10Le président de la République a contrôlé les partis d’opposition et le Congrès, mais pas la société, qui a massivement voté à l’élection de juillet 2018 pour un changement pacifique et profond. Andrés Manuel López Obrador, avec le Mouvement de régénération nationale (Morena), parti qu’il a créé en 2014, et ses alliés, qui s’opposaient aux politiques gouvernementales, a gagné la présidentielle et obtenu la majorité dans les deux chambres du Congrès, devenant ainsi le premier président majoritaire depuis que l’alternance politique existe. La prédominance de Morena, obtenue par la compétition politique, fut le point culminant de la mobilisation sociale qui a débuté en 1997 contre le présidentialisme promoteur du libéralisme antidémocratique.
11Pour expliquer ce processus, cet article aborde, dans un premier temps, le passage du présidentialisme à parti unique au présidentialisme antidémocratique et sa conversion en présidentialisme minoritaire, pour finalement expliquer le début de ce qui constitue une nouvelle étape, le présidentialisme majoritaire, du fait, lors de l’élection de 2018, de la défaite du programme du libéralisme antidémocratique.
Présidentialisme à parti unique
12La suprématie du président de la République est issue de la conception constitutionnelle et des conditions sociales et politiques du Mexique. La Constitution de 1917 est l’œuvre de la révolution de 1910-1917. Celle-ci a consisté en un mouvement social contre le régime oligarchique, qui excluait et marginalisait la quasi-totalité de la population. La suprématie présidentielle n’était pas une fin en soi, mais plutôt un instrument, un moyen de faire advenir la justice sociale à travers des réformes, notamment dans les domaines agraire et social ainsi qu’au sein du monde du travail [3]. Les pères de la Constitution de 1917 ne cherchaient pas à instaurer la démocratie mais à rendre efficace le programme de réforme sociale, fondé avant tout sur les articles 27 et 123. Le président de la République, représentant suprême de l’État, était vu comme l’administrateur des ressources de la nation à des fins d’utilité publique.
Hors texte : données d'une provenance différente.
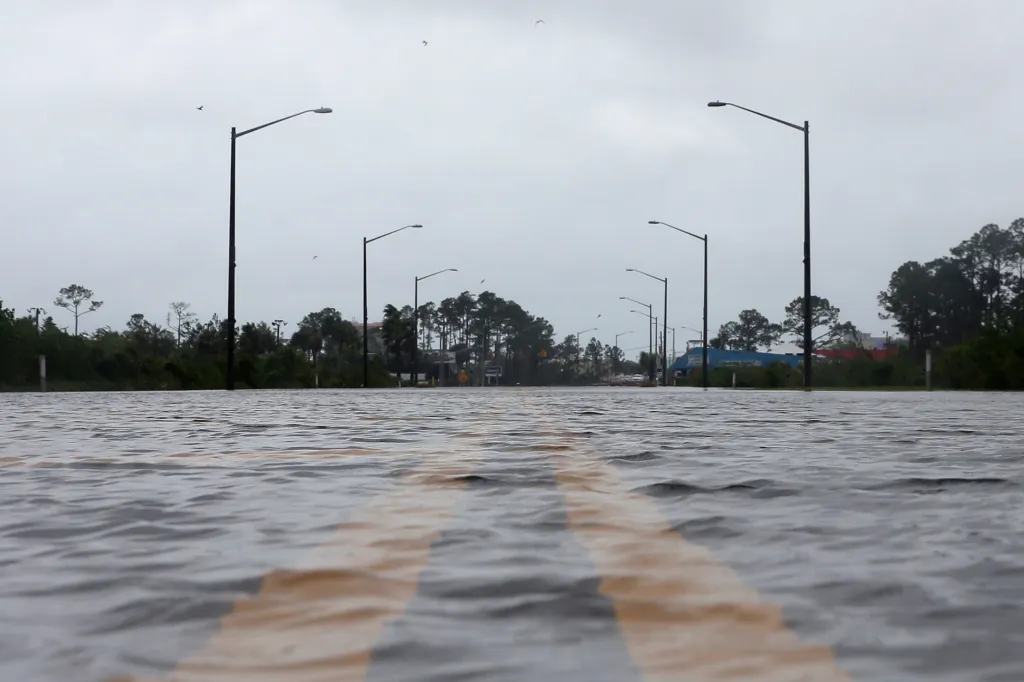 Hurikán Sally zasáhl pobřeží Mexického zálivu. V oblasti dochází k následným záplavám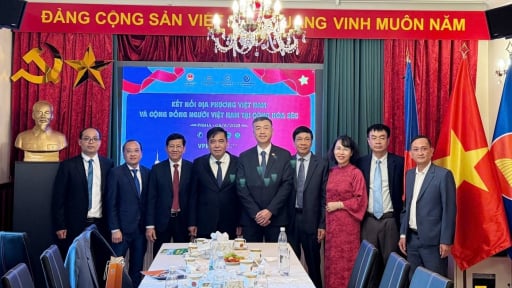 Trước giờ sáp nhập với tỉnh Quảng Trị, tỉnh Quảng Bình tổ chức đoàn sang châu Âu tìm kiếm cơ hội đầu tư 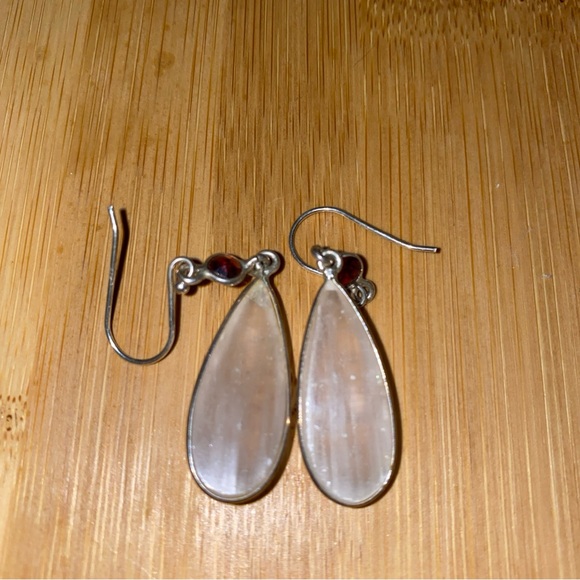 Garnet and selenite French hook earrings - Picture 4 of 6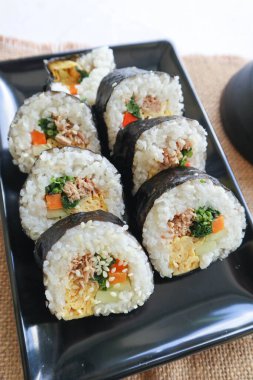 Kimbap veya gimbap, Güney Kore 'den gelen ve buharda pişirilmiş beyaz pirinç (bap) ve çeşitli malzemelerden yapılan Kore usulü Gimbap (kimbap).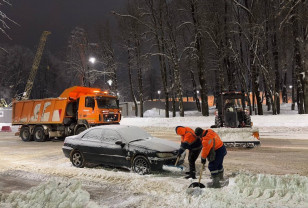 Смоленских автомобилистов призывают соблюдать правила парковки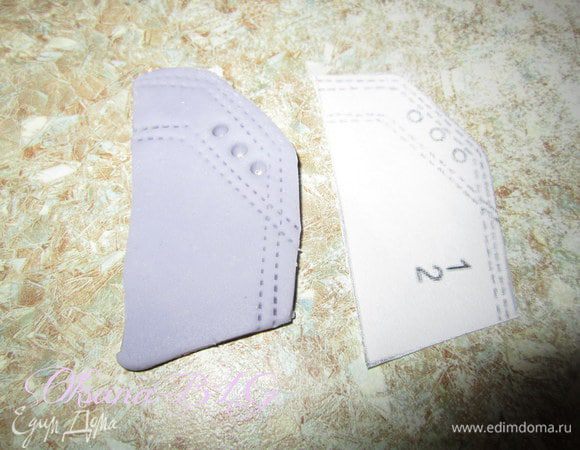 С помощью зубочистки или ролика для разметки сделать строчку. Ролик для разметки добавлю в фото.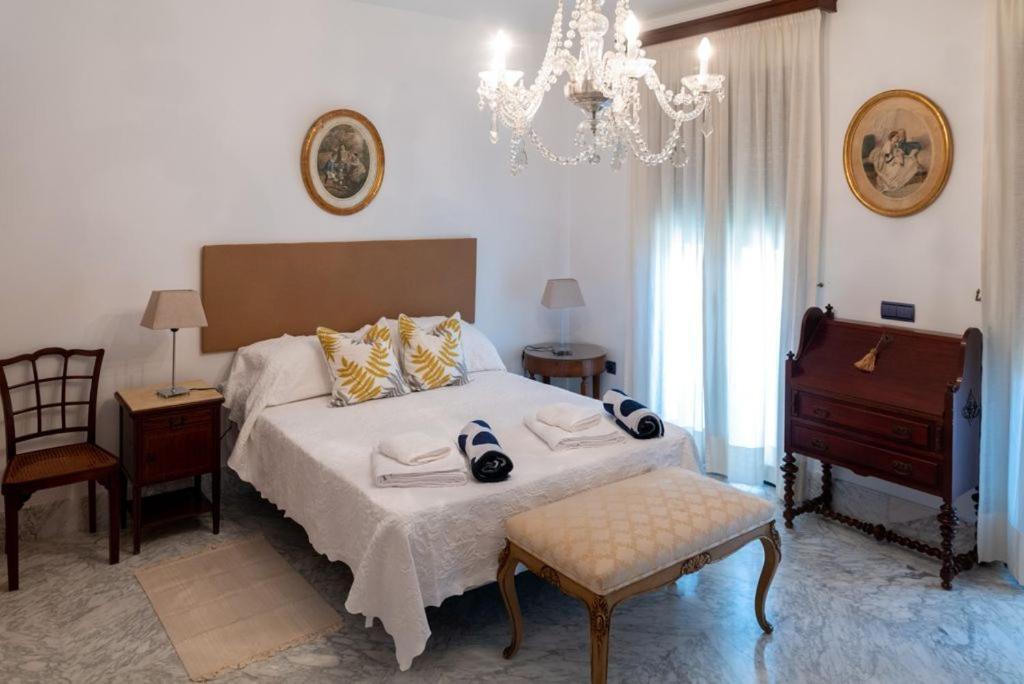 Beachside Villa In Puerto Marina, Benalmadena Luaran gambar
C’est de là qu’il tenait sa légitimité. La création ultérieure d’un parti, unique, lui a assuré un soutien politique structuré. Ces deux éléments du système politique mexicain permettent d’expliquer ce qu’était le pouvoir présidentiel à l’origine [4].
13Constitutionnellement, le président est le chef de l’État et celui du gouvernement ; politiquement, il est alors le « líder máximo » du pri et attribue les fonctions en son sein. Jusqu’en 1988, sans opposants susceptibles de se mesurer à lui ou d’assurer la transparence des élections, ce parti a toujours tenu entre ses mains la présidence de la République (dont la tête est renouvelée tous les six ans, sans réélection possible du président sortant), s’est appuyé sur la majorité acquise des chambres du Congrès fédéral (le Sénat est renouvelé tous les six ans, et la Chambre des députés tous les trois ans), a contrôlé tous les gouverneurs d’États (élus pour six ans) ainsi que les présidents de conseils municipaux (dont le mandat est de trois ans) et a dominé les Congrès locaux (renouvelés tous les trois ans). Le principe de séparation des pouvoirs, consacré par la Constitution, se diluait dans la pratique et la structure fédérale des pouvoirs était dirigée par la présidence de la République. Dans ce système non compétitif, le président pouvait en outre désigner son successeur, puisqu’il était en mesure, durant son mandat, de choisir pour son parti la personne qui serait le candidat pratiquement unique à la présidence.
14Le présidentialisme à parti unique, conçu comme pilier de la justice sociale, s’est dénaturé en raison de la corruption tout en se heurtant à la mondialisation et à l’essor des partis d’opposition, sans avoir rempli ses objectifs sur le plan social. Le déclin de la monarchie présidentialiste a débuté dans les années 1980, ce qui n’a toutefois pas modifié le caractère autoritaire du système. Les scissions au sein du pri et la progression des partis d’opposition ont rendu possible l’élection de candidats non priistes au sein de conseils municipaux et de gouvernements d’États. Le succès du pan, sa propension libérale qui s’opposait à l’interventionnisme de l’État, ainsi que sa modération politique, lui ont permis de devenir le compagnon de route des présidents, qui avaient besoin d’un soutien que le pri ne pouvait plus leur apporter.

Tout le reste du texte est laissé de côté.